Mas, voltando a Nova Iguaçu e à serraria onde eu trabalhava, reencontro-me, de novo, caminhando depois da sessão de cinema pela rua esburacada, atravessando a linha férrea e voltando ao escritório, onde se improvisava, todas as noites, um quarto de dormir para mim. Transformava, a mulher do vigia, um sofá em cama; estendia os lençóis, esquentava um copo de leite, dando-me no desamparo desses momentos ásperos uma sensação de conforto e de carinho.

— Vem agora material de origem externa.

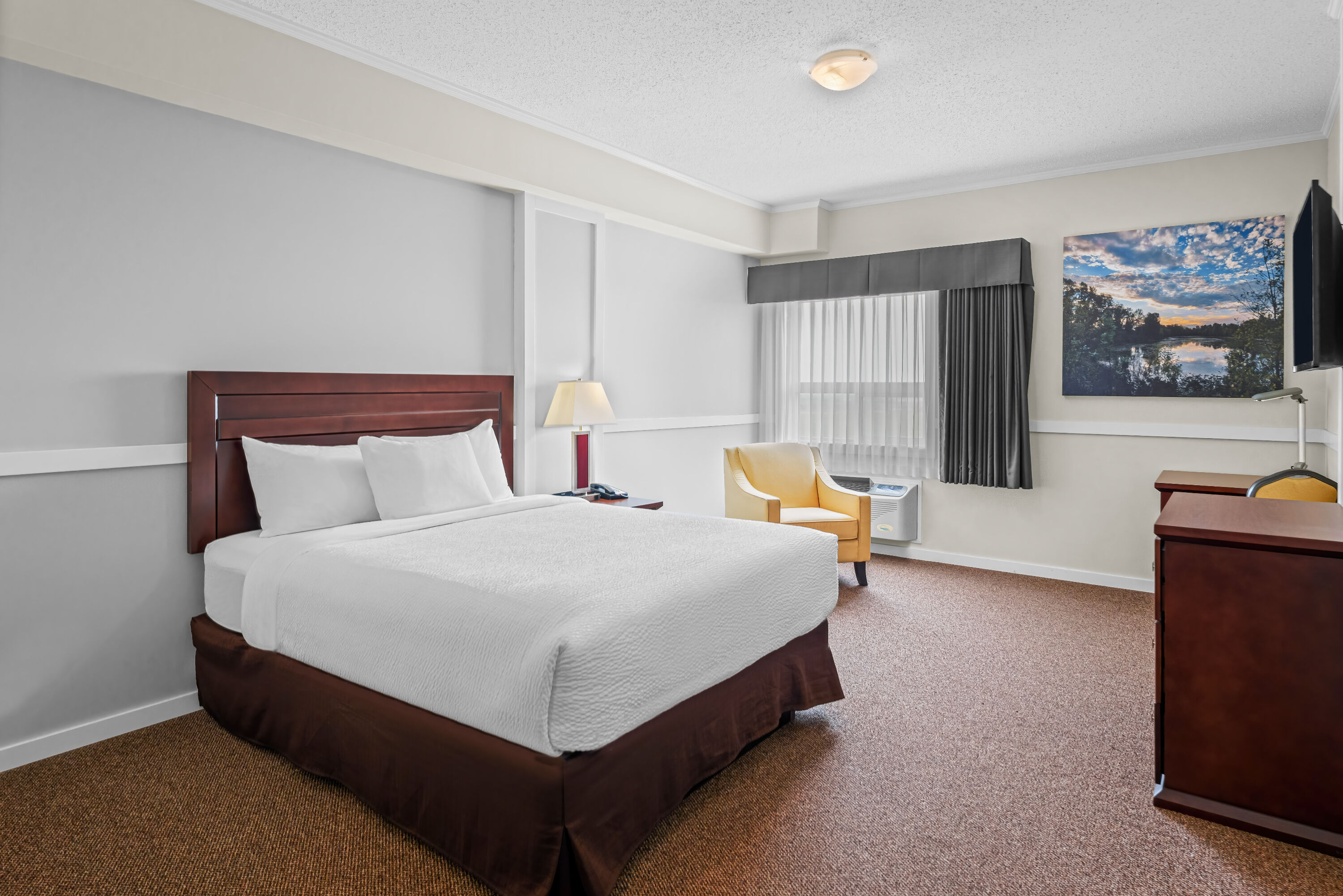 Queen bed guest room at the Days Inn by Wyndham Lamont in Lamont, Alberta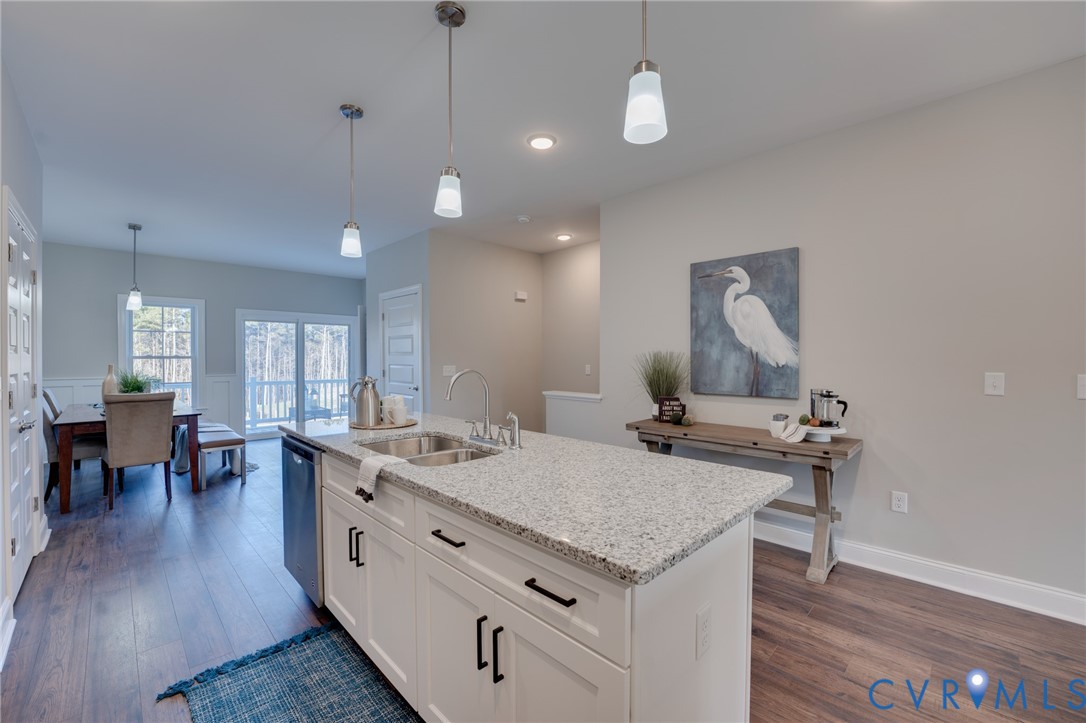 Kitchen island featuring a dual-basin stainless steel sink, a gooseneck faucet, and integrated dishwasher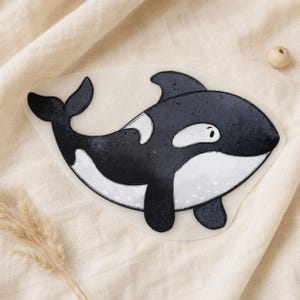 Könnte beinhalten: Ein flacher, gestanzter Aufkleber oder Ausschnitt mit einer stilisierten Illustration eines Orcas. Der Orca ist in Schwarz-Weiß gehalten und zeigt einen abgerundeten Körper, eine Rückenflosse und ein kleines Auge in einem klaren Grafikstil.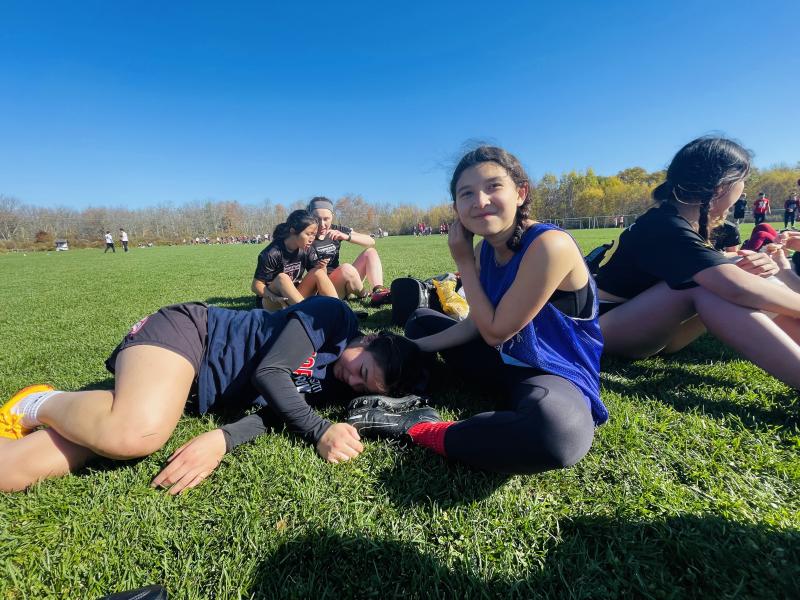 Erika and a friend resting on the grass during frisbee practice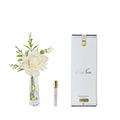Côte Noire Champagne Summer Rose in clear vase with gold badge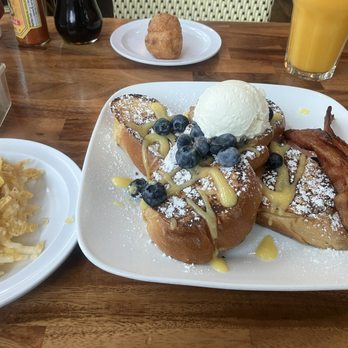 Cheryl’s on 12th - The French Toast Challah Bread with blueberries, lemon curd, and whipped cream, side of bacon, and Side Cheesy Hash Browns. Delicious. - Breakfast & Brunch Near Me - Portland, Oregon Cheryl’s on 12th - The French Toast Challah Bread with blueberries, lemon curd, and whipped cream, side of bacon, and Side Cheesy Hash Browns. Delicious. - Breakfast & Brunch Near Me - Portland, Oregon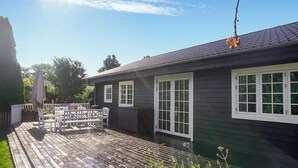 A house with a deck, white-framed windows, and a dark roof. - 4 bedroom gorgeous home in Karrebæksminde (Karrebæksminde)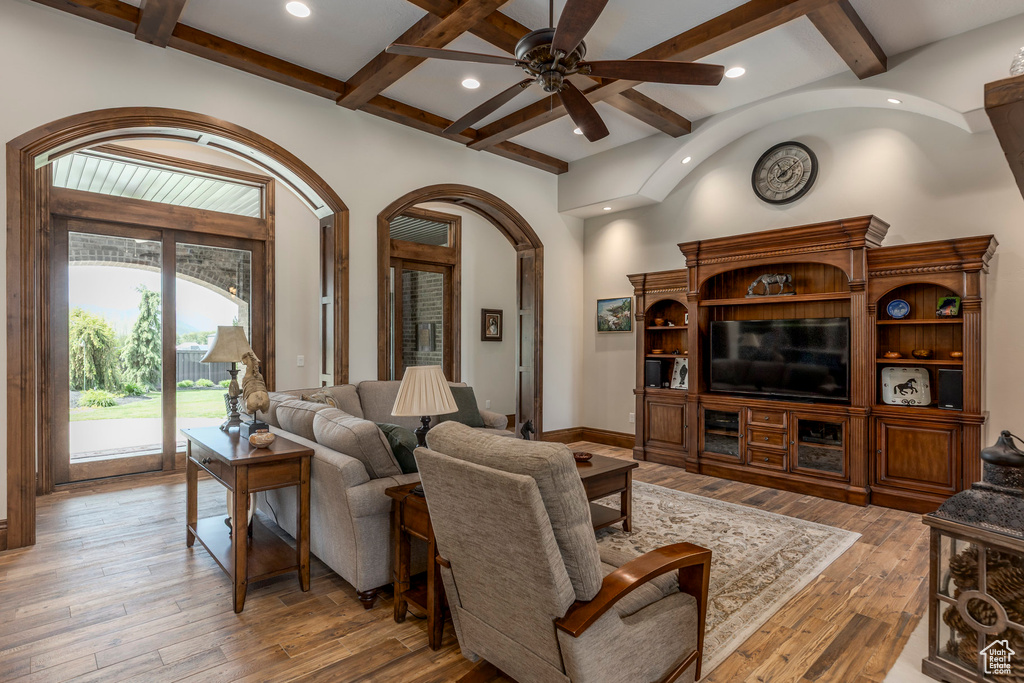 Living room with arched walkways, ceiling fan, light wood-type flooring, beamed ceiling, and recessed lighting
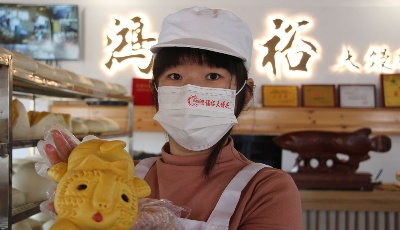 年味漸濃虎年大饅頭受熱捧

Foi nesse instante de minha vida que veio visitar-me um novo amor, logo por mim considerado impossível. Todas as manhãs, em frente à serraria, a caminho de uma obrigação cotidiana qualquer, passava uma jovem criatura. Teria, calculo hoje, seus dezesseis anos. Era mais gorda do que magra; morena e pálida. Portava quase sempre um gracioso chapéu-de-sol – que se chamava sombrinha – e trazia uns livros e rolos de papel que deviam ser textos de músicas. Depreendo que saía de casa para receber lições de piano. Seus cabelos lisos, negros e longos caíam-lhe pelos ombros. Era a filha de um político local que possuía, segundo me informaram, uma plantação em Queimados. Às dez horas da manhã ou pouco antes, já me encontrava eu na janela do escritório para ver passar aquela que, sem o saber, se tornara a meus olhos a encarnação do eterno feminino. Revejo-a bem. Não caminhava como as moças de hoje, que aprendem a andar bem nas escolas de charme, que conhecem os movimentos e os ritmos que tanto impressionam os homens.

A minha visão do amor era solene, lenta, soberana em sua marcha. Seus pés não pisavam nuvens, não se desviavam da rota; em volteios graciosos, apoiava-se ela fortemente no chão. Se pelo caminhar de uma pessoa podem-se descobrir os seus ritmos interiores, a sua maneira de ser, a minha rapariga de Nova Iguaçu deveria ser uma pessoa tranqüila, não temerosa do dia de amanhã, capaz de dirigir-se pela razão, uma mulher forte e decidida. Mas tudo isso era harmoniosamente combinado com uma espécie de encanto físico, que não se poderia chamar de beleza, mas que era misterioso encantamento.

Essa sedução, esse enigmático dom de atrair alimentava o meu sonho.